Use the upstream version of libwebp, v0.4.3.

third_party/libwebp/utils/huffman_encode.c

+// Copyright 2011 Google Inc. All Rights Reserved.
+//
+// Use of this source code is governed by a BSD-style license
+// that can be found in the COPYING file in the root of the source
+// tree. An additional intellectual property rights grant can be found
+// in the file PATENTS. All contributing project authors may
+// be found in the AUTHORS file in the root of the source tree.
+// -----------------------------------------------------------------------------
+//
+// Author: Jyrki Alakuijala (jyrki@google.com)
+//
+// Entropy encoding (Huffman) for webp lossless.
+
+#include <assert.h>
+#include <stdlib.h>
+#include <string.h>
+#include "./huffman_encode.h"
+#include "../utils/utils.h"
+#include "../webp/format_constants.h"
+
+// -----------------------------------------------------------------------------
+// Util function to optimize the symbol map for RLE coding
+
+// Heuristics for selecting the stride ranges to collapse.
+static int ValuesShouldBeCollapsedToStrideAverage(int a, int b) {
+  return abs(a - b) < 4;
+}
+
+// Change the population counts in a way that the consequent
+// Huffman tree compression, especially its RLE-part, give smaller output.

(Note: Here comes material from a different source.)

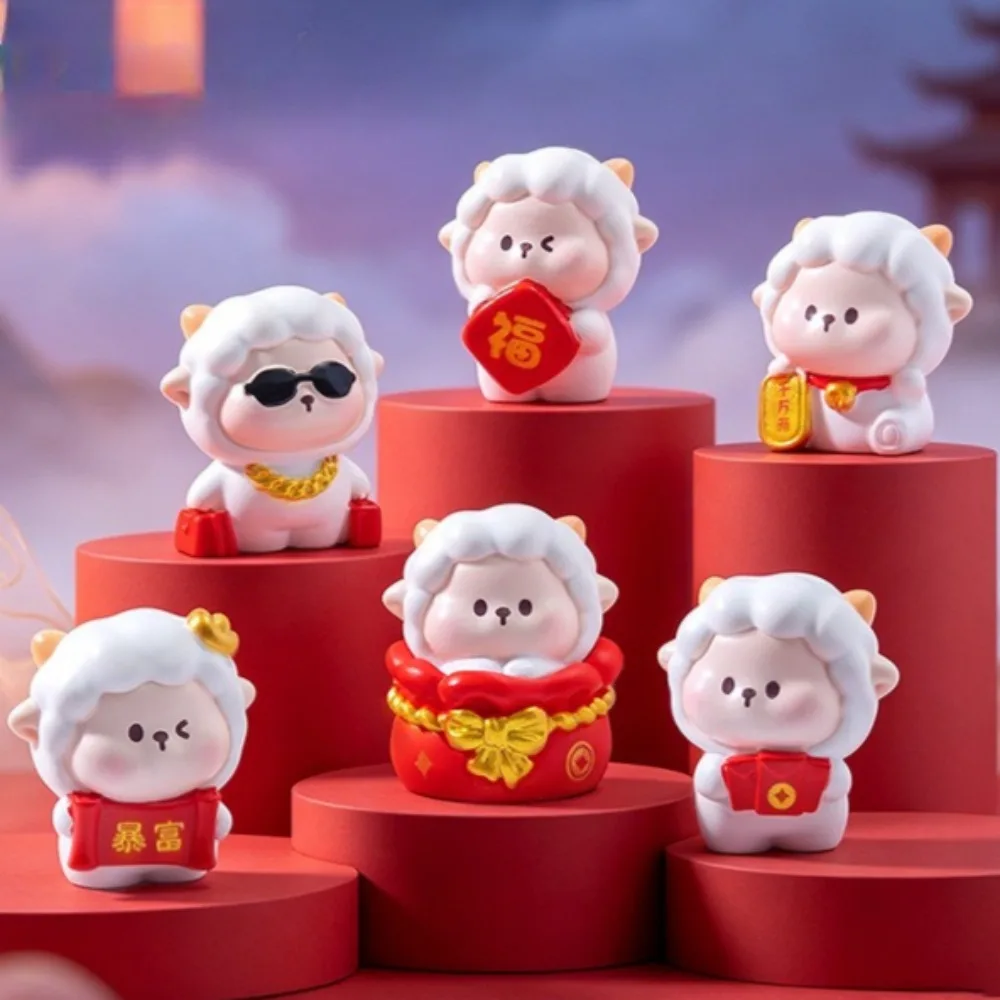 Cute Lucky Sheep Mini Figurine 2027 New Year Fortune Lamb Ornament Car Dashboard Desktop Decor DIY Micro Landscape Festival Gift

+static void OptimizeHuffmanForRle(int length, uint8_t* const good_for_rle,
+                                  uint32_t* const counts) {
+  // 1) Let's make the Huffman code more compatible with rle encoding.
+  int i;
+  for (; length >= 0; --length) {
+    if (length == 0) {
+      return;  // All zeros.
+    }
+    if (counts[length - 1] != 0) {
+      // Now counts[0..length - 1] does not have trailing zeros.
+      break;
+    }
+  }
+  // 2) Let's mark all population counts that already can be encoded
+  // with an rle code.
+  {
+    // Let's not spoil any of the existing good rle codes.

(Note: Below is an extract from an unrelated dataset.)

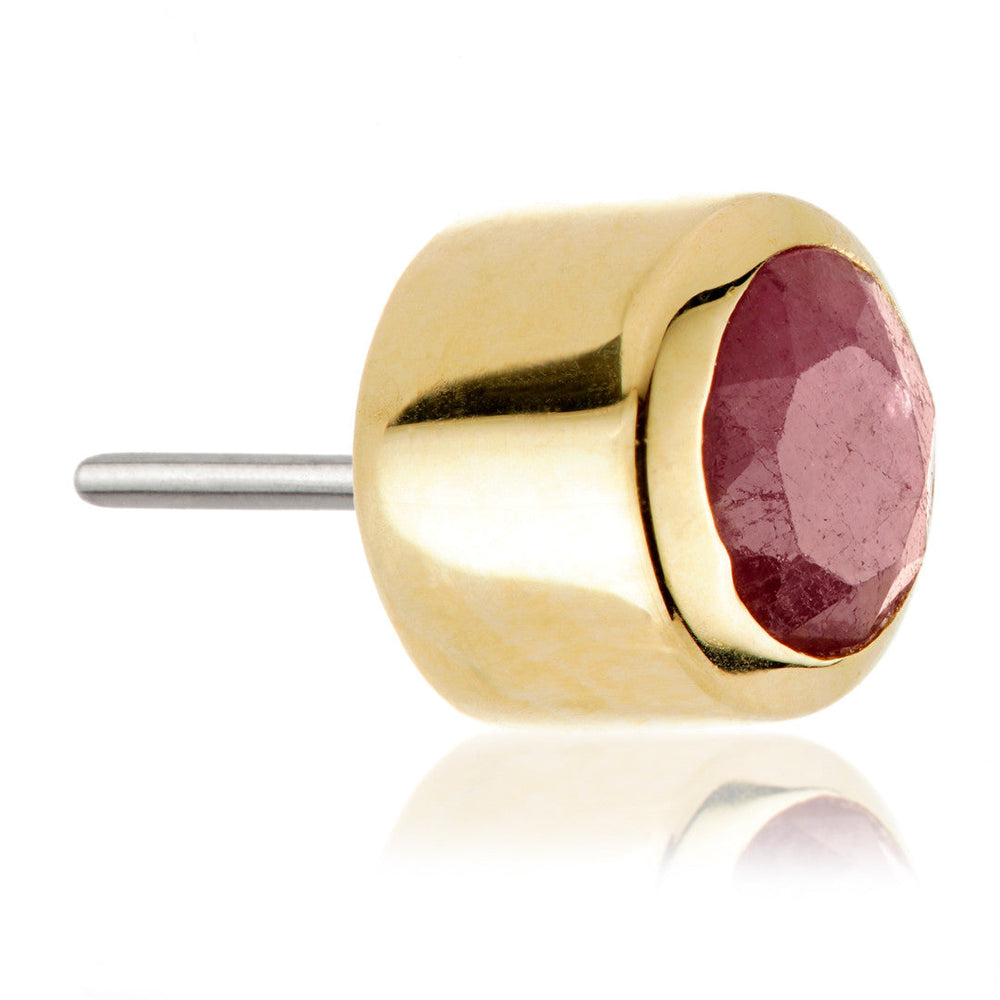 TL - 14ct Gold Ruby Bezel Pin Attachment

+    // Mark any seq of 0's that is longer as 5 as a good_for_rle.
+    // Mark any seq of non-0's that is longer as 7 as a good_for_rle.
+    uint32_t symbol = counts[0];
+    int stride = 0;
+    for (i = 0; i < length + 1; ++i) {
+      if (i == length || counts[i] != symbol) {
+        if ((symbol == 0 && stride >= 5) ||
+            (symbol != 0 && stride >= 7)) {
+          int k;
+          for (k = 0; k < stride; ++k) {
+            good_for_rle[i - k - 1] = 1;
+          }
+        }
+        stride = 1;
+        if (i != length) {
+          symbol = counts[i];
+        }
+      } else {
+        ++stride;
+      }
+    }
+  }
+  // 3) Let's replace those population counts that lead to more rle codes.
+  {
+    uint32_t stride = 0;
+    uint32_t limit = counts[0];
+    uint32_t sum = 0;
+    for (i = 0; i < length + 1; ++i) {
+      if (i == length || good_for_rle[i] ||
+          (i != 0 && good_for_rle[i - 1]) ||
+          !ValuesShouldBeCollapsedToStrideAverage(counts[i], limit)) {
+        if (stride >= 4 || (stride >= 3 && sum == 0)) {
+          uint32_t k;
+          // The stride must end, collapse what we have, if we have enough (4).

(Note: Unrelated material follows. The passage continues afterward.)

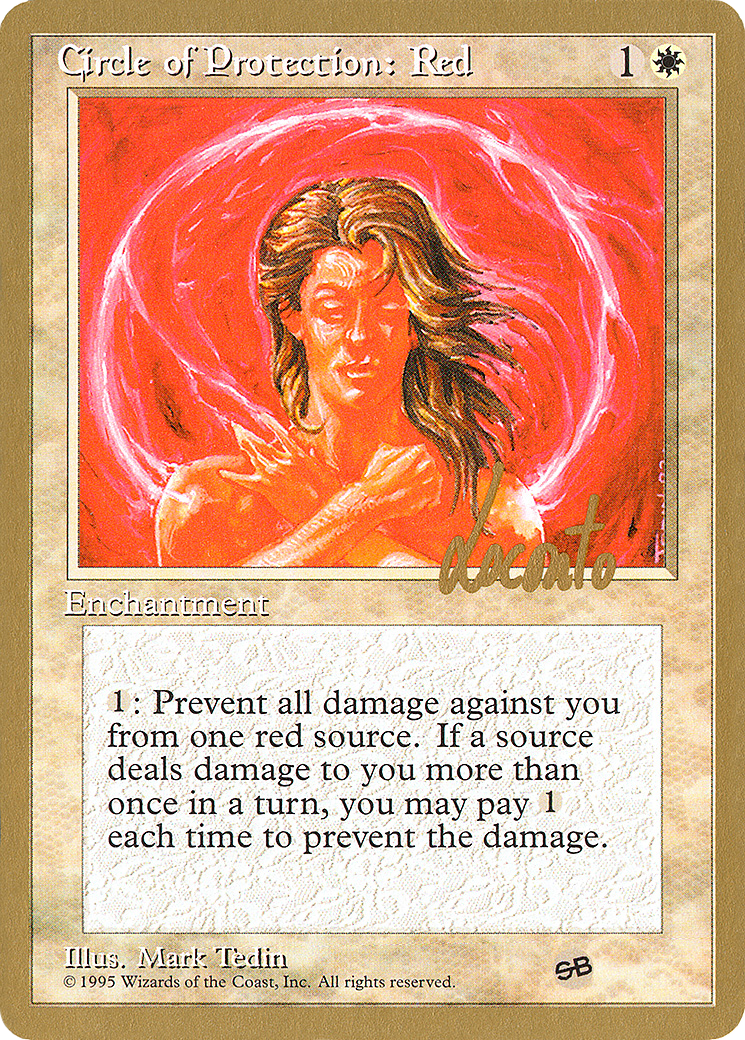 Circle of Protection: Red - 1996 Michael Loconto (4ED) (SB) (WCD-) - Pro Tour Collector Set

+          uint32_t count = (sum + stride / 2) / stride;
+          if (count < 1) {
+            count = 1;
+          }
+          if (sum == 0) {
+            // Don't make an all zeros stride to be upgraded to ones.
+            count = 0;
+          }
+          for (k = 0; k < stride; ++k) {
+            // We don't want to change value at counts[i],
+            // that is already belonging to the next stride. Thus - 1.
+            counts[i - k - 1] = count;
+          }
+        }
+        stride = 0;
+        sum = 0;
+        if (i < length - 3) {
+          // All interesting strides have a count of at least 4,
+          // at least when non-zeros.
+          limit = (counts[i] + counts[i + 1] +
+                   counts[i + 2] + counts[i + 3] + 2) / 4;
+        } else if (i < length) {
+          limit = counts[i];
+        } else {
+          limit = 0;
+        }
+      }
+      ++stride;
+      if (i != length) {
+        sum += counts[i];
+        if (stride >= 4) {
+          limit = (sum + stride / 2) / stride;
+        }
+      }
+    }
+  }
+}
+
+// A comparer function for two Huffman trees: sorts first by 'total count'
+// (more comes first), and then by 'value' (more comes first).
+static int CompareHuffmanTrees(const void* ptr1, const void* ptr2) {
+  const HuffmanTree* const t1 = (const HuffmanTree*)ptr1;
+  const HuffmanTree* const t2 = (const HuffmanTree*)ptr2;
+  if (t1->total_count_ > t2->total_count_) {
+    return -1;
+  } else if (t1->total_count_ < t2->total_count_) {
+    return 1;
+  } else {
+    assert(t1->value_ != t2->value_);
+    return (t1->value_ < t2->value_) ? -1 : 1;
+  }
+}
+
+static void SetBitDepths(const HuffmanTree* const tree,
+                         const HuffmanTree* const pool,
+                         uint8_t* const bit_depths, int level) {
+  if (tree->pool_index_left_ >= 0) {
+    SetBitDepths(&pool[tree->pool_index_left_], pool, bit_depths, level + 1);
+    SetBitDepths(&pool[tree->pool_index_right_], pool, bit_depths, level + 1);
+  } else {
+    bit_depths[tree->value_] = level;
+  }
+}
+
+// Create an optimal Huffman tree.
+//
+// (data,length): population counts.
+// tree_limit: maximum bit depth (inclusive) of the codes.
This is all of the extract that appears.